Revenue collection is far less brutal that it could have been, given the generous spend commitments.

Hybrid instruments

There has been a key policy change. A seemingly innocuous paragraph in the finance minister’s speech declares that the Government will evolve a separate policy for hybrid instruments. Why is this a vital change? Globally, sophisticated investors use different types of instruments to invest in countries. As against pure equity that has unlimited upside and downside, or pure debt that promises fixed returns, investments occur through a ‘hybrid’ mechanism in a majority of cases. The investor and the investee work out a contractual mechanism of risk and return sharing and embed that in the investment instrument. Thus, an investor may agree to invest $1 billion in an infrastructure project if it is assured capital protection, even if it has to concede an upside cap. The investee based locally is more aware of the on-ground reality and may be happier for an investor to come in with such a structure so that it enjoys higher upside.
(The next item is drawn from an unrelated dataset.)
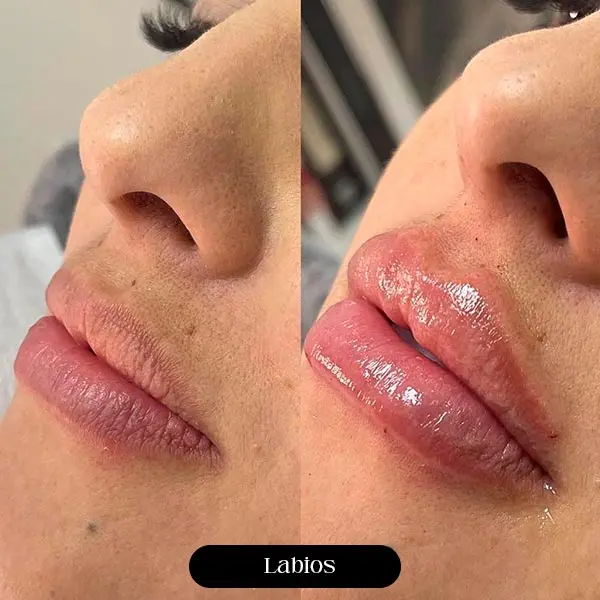Antes e depois de preenchimento labial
Under the current regime, such instruments are difficult to operationalise on a cross-border capital flow. Our regulations such as pure equity or pure debt and embedding risk reward sharing frameworks have their own complications. Addressing this openly is likely to open vast pools of foreign capital into the economy and hence, the cleverly worded para 134 deserves greater attention.

Tax rates

Now for the second point. Lots has been made of the fact that the tax rate has not come down. Ideally, this would have spurred a prosperous spending and investing cycle. However, in terms of the real constraints imposed by an absolutely necessary spend allocation, the budget has actually done pretty well by not taking the headline tax rate up. In fact, it has extended the benefit of the 25 per cent concessional rate to a larger category of MSMEs. And then has gambled a bit with a 10 per cent take on the listed equity gains — to arrest a possible sell-off, past gains have been grandfathered and only gains arising prospectively would be taxed. Having kept STT intact, the Government has left its options open going forward.

Those who point to the US and UK tax rates have missed some of the details — those rates apply pretty much to global incomes and come on top of other taxes, all of which our government has resisted introducing.

The one area where perhaps the Government could have done a bit better on the tax side is the ‘rationalisation’ area. While IBC cases have seen some relaxation, the entire framework of Section 56 seems to militate against the ‘listening-and-responding’ philosophy of this government.

Therefore, this budget manages to responsibly retain sanity in the current environment, where certain allocations were a foregone conclusion. And even if slightly less grand, the absence of hugely populist measure like inheritance tax or a super-rich tax makes sure that the capital creation cycle is not fundamentally disturbed.